Short descriptive text snippets

=== Section Start ===

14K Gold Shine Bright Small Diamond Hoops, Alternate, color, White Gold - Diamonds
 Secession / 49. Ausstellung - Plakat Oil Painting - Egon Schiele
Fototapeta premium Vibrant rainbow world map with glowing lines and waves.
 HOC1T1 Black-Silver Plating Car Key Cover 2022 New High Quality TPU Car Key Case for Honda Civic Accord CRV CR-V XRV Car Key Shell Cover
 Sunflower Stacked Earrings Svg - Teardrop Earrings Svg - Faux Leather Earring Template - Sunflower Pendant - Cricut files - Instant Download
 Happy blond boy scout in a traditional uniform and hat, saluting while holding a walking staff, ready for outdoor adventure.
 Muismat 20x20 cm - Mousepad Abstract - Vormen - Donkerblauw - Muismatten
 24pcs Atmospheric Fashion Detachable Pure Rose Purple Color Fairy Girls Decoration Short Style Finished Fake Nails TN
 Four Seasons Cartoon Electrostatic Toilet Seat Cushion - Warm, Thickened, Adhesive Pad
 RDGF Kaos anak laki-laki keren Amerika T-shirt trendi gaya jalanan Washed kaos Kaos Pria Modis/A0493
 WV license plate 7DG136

=== Section End ===

* What this task involves
Please copy, word for word, every line from the first line of the records through the line containing "Fototapeta premium Vibrant", with both of those lines included and nothing else.

* Output of the exercise
14K Gold Shine Bright Small Diamond Hoops, Alternate, color, White Gold - Diamonds
 Secession / 49. Ausstellung - Plakat Oil Painting - Egon Schiele
Fototapeta premium Vibrant rainbow world map with glowing lines and waves.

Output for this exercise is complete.